Start of Block

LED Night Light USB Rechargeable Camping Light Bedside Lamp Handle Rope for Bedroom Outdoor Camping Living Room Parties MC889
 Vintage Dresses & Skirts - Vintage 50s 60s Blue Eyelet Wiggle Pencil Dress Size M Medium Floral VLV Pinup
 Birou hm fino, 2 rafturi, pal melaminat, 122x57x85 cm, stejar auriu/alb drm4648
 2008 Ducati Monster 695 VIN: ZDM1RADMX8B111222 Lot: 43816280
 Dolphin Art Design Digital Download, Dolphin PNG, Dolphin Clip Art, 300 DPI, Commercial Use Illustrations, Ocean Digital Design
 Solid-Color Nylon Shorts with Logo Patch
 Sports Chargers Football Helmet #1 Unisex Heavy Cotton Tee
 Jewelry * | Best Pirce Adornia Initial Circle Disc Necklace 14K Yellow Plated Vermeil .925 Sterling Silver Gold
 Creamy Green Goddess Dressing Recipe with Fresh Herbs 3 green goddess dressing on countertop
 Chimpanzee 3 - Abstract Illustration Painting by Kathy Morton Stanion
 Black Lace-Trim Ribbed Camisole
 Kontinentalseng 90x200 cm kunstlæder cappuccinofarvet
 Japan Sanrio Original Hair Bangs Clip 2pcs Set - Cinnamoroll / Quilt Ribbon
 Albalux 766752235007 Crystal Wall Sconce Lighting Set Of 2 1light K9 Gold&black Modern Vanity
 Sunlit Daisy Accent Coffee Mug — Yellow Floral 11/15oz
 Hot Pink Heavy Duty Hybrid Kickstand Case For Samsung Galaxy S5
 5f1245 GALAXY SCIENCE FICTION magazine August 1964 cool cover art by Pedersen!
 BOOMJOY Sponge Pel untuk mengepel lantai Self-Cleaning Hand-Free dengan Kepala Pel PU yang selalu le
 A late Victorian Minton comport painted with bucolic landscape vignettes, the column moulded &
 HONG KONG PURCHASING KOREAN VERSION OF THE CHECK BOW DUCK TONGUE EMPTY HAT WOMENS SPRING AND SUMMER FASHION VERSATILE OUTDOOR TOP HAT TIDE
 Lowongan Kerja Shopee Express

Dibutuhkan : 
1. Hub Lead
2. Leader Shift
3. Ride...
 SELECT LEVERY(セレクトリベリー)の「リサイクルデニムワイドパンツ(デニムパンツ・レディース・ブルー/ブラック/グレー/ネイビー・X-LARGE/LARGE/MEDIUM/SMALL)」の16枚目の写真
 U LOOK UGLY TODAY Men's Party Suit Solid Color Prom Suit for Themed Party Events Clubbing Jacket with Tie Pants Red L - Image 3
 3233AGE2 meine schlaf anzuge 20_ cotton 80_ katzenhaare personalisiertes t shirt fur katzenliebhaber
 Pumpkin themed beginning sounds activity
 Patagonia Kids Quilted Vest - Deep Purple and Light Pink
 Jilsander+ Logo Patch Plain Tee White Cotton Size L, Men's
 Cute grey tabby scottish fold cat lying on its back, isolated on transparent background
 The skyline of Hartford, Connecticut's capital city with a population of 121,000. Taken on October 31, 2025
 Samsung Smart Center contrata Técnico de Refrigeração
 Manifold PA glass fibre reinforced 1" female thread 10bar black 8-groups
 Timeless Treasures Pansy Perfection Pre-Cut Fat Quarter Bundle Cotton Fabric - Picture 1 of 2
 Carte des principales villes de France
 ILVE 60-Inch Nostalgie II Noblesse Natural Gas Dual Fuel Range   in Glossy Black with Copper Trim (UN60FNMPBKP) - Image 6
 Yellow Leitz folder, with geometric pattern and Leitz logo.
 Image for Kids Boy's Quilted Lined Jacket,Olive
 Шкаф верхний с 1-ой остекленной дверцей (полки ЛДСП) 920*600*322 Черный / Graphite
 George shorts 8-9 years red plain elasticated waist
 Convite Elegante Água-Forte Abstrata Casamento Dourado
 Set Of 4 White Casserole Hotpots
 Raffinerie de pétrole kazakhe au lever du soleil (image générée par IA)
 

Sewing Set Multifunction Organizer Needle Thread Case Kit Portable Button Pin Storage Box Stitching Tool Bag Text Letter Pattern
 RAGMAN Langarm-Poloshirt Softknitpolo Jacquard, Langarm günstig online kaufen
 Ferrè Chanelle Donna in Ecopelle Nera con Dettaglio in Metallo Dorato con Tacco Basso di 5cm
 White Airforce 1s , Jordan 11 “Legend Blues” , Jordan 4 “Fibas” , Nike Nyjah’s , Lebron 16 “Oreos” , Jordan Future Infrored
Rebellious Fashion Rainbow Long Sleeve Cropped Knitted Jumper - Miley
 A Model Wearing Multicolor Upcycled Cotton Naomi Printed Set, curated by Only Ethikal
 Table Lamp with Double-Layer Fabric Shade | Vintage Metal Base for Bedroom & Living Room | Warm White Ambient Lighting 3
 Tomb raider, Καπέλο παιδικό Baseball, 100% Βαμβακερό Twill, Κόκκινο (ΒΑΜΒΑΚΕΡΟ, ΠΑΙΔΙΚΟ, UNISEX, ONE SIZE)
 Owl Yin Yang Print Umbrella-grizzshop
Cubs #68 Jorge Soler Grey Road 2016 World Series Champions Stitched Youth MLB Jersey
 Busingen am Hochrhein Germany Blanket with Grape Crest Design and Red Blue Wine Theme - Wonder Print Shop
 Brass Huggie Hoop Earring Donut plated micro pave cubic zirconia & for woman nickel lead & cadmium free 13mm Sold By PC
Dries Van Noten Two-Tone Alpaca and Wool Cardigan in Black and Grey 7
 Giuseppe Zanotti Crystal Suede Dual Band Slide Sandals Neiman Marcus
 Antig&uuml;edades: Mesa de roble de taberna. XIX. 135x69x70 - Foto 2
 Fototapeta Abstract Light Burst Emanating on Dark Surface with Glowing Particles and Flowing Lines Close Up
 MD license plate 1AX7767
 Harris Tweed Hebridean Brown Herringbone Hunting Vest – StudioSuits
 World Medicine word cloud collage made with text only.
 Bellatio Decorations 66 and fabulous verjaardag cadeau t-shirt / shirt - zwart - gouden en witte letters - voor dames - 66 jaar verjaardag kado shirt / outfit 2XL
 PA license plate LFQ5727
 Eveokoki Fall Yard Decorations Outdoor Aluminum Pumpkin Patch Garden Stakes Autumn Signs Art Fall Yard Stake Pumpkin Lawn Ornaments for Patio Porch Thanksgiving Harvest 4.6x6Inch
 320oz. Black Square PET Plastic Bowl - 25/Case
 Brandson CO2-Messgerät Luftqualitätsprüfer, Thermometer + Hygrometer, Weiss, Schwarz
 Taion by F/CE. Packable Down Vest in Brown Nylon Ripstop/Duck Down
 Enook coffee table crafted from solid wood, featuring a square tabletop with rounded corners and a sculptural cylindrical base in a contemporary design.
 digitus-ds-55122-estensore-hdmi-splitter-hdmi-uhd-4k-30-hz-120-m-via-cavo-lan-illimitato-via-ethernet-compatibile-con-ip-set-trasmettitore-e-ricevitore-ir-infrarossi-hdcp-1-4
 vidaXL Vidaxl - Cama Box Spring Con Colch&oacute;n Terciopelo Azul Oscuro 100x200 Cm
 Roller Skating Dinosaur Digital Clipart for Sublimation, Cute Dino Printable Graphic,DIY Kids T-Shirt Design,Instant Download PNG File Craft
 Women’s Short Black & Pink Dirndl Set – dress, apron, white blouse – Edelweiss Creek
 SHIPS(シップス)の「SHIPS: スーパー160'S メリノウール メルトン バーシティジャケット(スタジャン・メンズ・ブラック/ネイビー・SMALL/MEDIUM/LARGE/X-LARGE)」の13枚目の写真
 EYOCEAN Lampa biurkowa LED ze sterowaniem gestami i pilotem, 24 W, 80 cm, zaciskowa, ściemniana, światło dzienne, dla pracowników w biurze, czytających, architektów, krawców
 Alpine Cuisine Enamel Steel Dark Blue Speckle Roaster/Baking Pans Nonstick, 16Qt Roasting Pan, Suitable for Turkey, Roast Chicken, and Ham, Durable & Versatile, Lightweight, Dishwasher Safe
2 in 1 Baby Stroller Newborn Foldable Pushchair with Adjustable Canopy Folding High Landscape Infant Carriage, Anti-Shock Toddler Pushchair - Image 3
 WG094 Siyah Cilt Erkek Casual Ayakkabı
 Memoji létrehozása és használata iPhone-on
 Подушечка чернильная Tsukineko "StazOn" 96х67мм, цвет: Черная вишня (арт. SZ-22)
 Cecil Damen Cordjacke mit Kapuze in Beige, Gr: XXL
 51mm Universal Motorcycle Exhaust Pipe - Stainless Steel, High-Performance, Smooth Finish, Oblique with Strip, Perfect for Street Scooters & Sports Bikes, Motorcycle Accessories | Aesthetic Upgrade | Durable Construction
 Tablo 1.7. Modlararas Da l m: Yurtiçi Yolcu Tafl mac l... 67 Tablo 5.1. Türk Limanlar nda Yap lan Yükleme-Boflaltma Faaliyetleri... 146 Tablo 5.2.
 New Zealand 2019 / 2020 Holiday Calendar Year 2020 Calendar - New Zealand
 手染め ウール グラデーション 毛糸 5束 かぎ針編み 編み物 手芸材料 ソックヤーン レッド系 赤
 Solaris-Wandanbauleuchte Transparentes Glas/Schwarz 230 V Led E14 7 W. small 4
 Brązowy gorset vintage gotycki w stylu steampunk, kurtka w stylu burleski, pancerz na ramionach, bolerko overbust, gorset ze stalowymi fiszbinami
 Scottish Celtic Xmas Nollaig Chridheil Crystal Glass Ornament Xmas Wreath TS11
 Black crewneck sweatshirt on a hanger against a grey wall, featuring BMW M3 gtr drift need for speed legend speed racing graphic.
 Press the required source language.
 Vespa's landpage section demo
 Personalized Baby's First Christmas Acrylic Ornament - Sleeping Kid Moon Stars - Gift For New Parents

End of Block

# TASK DETAILS
For the material above, reproduce exactly the lines from the line with "Creamy Green Goddess" to the line with "Japan Sanrio Original", inclusive, and exclude all others.

# SOLUTION BELOW
 Creamy Green Goddess Dressing Recipe with Fresh Herbs 3 green goddess dressing on countertop
 Chimpanzee 3 - Abstract Illustration Painting by Kathy Morton Stanion
 Black Lace-Trim Ribbed Camisole
 Kontinentalseng 90x200 cm kunstlæder cappuccinofarvet
 Japan Sanrio Original Hair Bangs Clip 2pcs Set - Cinnamoroll / Quilt Ribbon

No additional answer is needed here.